Concerns about the “potency” criterion were also expressed by the pesticides industry.
“We are extremely disappointed with this proposal from the European Commission. After six years of hard work with input from EFSA, scientific, experts, and various stakeholders the criteria are no more than the WHO/IPCS definition, developed over a decade ago,” European Crop Protection spokesperson Graeme Taylor recently told EurActiv.
BEUC: Potency is a “red line”
For the EU consumer organisation (BEUC), the introduction of a hazard-based approach is necessary.
According to BEUC, the definition of endocrine disruptors has to include all chemicals that may disrupt the hormonal system: both those chemicals we know are endocrine disruptors and those we suspect of being so.
“Similar to chemicals that cause cancer, change DNA or are toxic to reproduction (CMRs), EDCs should be classified and regulated”, BEUC recently noted.

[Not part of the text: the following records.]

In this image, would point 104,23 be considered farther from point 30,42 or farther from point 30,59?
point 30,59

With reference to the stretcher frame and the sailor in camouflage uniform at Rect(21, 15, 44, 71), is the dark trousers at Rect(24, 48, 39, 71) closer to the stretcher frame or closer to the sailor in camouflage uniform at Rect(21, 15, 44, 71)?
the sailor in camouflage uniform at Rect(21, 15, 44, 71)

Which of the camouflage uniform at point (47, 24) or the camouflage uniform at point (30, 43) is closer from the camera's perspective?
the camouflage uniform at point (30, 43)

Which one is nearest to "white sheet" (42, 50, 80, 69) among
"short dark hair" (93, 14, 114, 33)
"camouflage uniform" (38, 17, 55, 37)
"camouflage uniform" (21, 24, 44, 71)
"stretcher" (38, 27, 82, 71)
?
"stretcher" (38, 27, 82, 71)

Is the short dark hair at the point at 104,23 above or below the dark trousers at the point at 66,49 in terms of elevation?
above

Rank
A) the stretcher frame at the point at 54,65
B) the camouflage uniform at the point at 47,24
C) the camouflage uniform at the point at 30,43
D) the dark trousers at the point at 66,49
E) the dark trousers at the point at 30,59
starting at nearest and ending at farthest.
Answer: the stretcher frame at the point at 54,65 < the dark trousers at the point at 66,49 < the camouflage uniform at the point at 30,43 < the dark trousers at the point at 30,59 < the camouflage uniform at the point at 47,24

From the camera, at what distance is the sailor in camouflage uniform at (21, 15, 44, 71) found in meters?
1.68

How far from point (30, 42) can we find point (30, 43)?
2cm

BEUC backs a strict hazard-based classification system, where a distinction is made between “known, presumed, and suspected EDCs”.
“Exposure to endocrine-disrupting chemicals (EDCs) occurs at home and at work, through the air we breathe, the food we eat, and the water we drink […] because chemicals with endocrine-disrupting properties are found in many of the products we use every day, this is a risk that concerns us all,” the consumer organisation said.
Referring to Danish Consumer Council tests, BEUC noted that five out of eight cans of peeled tomatoes contained bisphenol A, a known endocrine disruptor. In addition, in four out of five ’loombands’, a popular children’s toy, concentrations of the phthalate DEHP exceeded legal limit values.